Task data —
+++
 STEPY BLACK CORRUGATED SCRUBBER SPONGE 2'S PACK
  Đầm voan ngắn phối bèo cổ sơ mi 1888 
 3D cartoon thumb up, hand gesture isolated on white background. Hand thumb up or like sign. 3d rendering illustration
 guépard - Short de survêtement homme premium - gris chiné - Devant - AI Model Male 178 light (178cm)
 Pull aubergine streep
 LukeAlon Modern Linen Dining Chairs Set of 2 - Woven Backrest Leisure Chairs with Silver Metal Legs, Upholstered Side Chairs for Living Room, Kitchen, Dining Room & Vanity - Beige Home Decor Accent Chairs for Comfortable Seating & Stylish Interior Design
+++
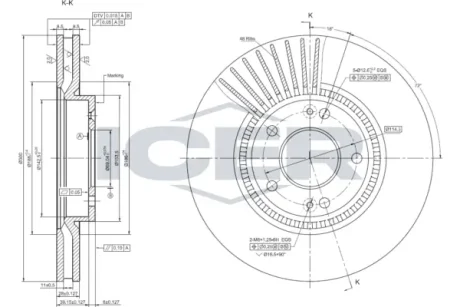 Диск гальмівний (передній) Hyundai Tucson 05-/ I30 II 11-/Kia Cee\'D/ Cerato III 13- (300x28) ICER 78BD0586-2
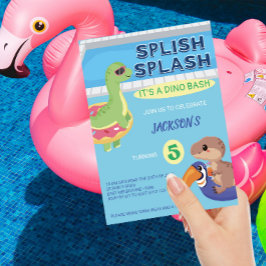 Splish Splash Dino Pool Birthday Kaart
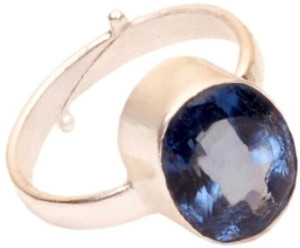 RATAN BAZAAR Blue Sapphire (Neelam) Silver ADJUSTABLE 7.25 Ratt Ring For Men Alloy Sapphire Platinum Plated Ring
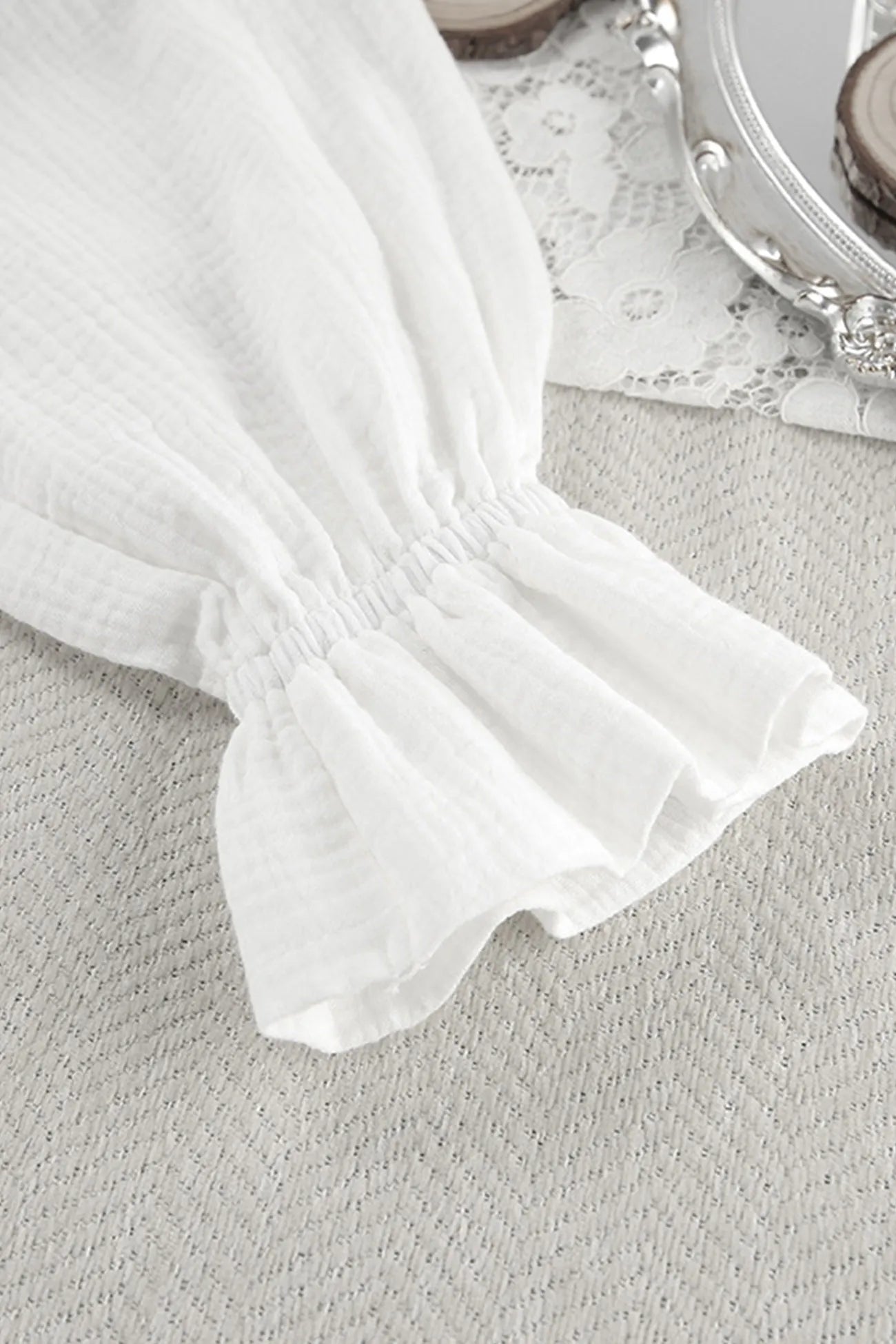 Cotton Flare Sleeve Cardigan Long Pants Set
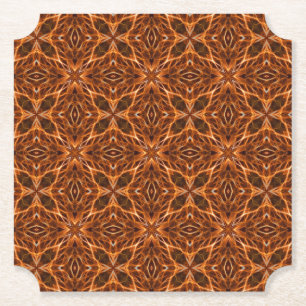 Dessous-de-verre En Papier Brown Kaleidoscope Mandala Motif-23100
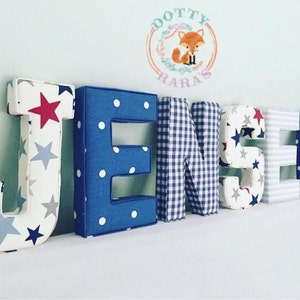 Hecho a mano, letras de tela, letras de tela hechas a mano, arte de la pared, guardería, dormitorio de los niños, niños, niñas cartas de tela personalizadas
+++
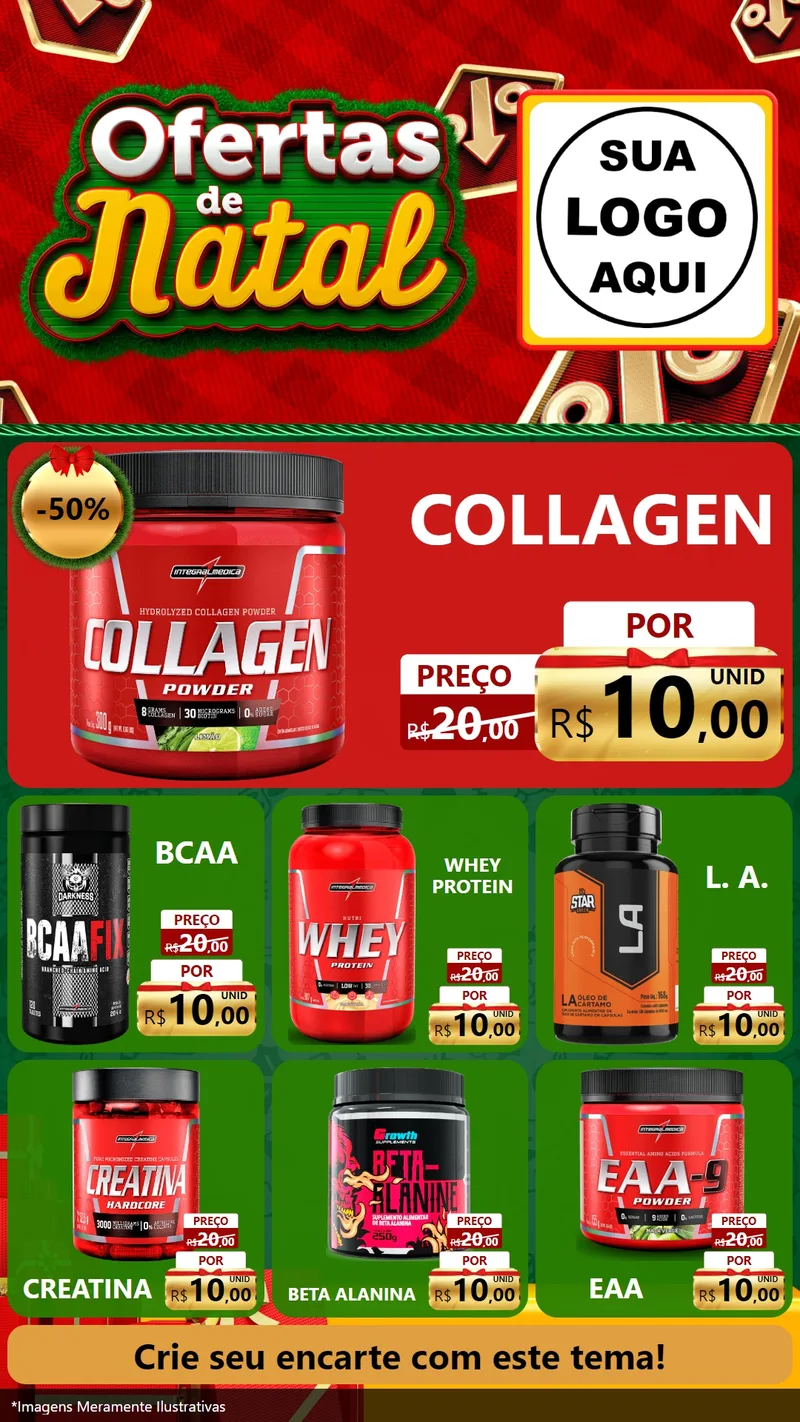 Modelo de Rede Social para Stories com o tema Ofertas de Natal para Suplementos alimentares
+++
Which lines above run from the one containing "Pull aubergine streep" down to the one containing "LukeAlon Modern Linen"? Repeat exactly those, both ends included, and nothing else.

Task output —
 Pull aubergine streep
 LukeAlon Modern Linen Dining Chairs Set of 2 - Woven Backrest Leisure Chairs with Silver Metal Legs, Upholstered Side Chairs for Living Room, Kitchen, Dining Room & Vanity - Beige Home Decor Accent Chairs for Comfortable Seating & Stylish Interior Design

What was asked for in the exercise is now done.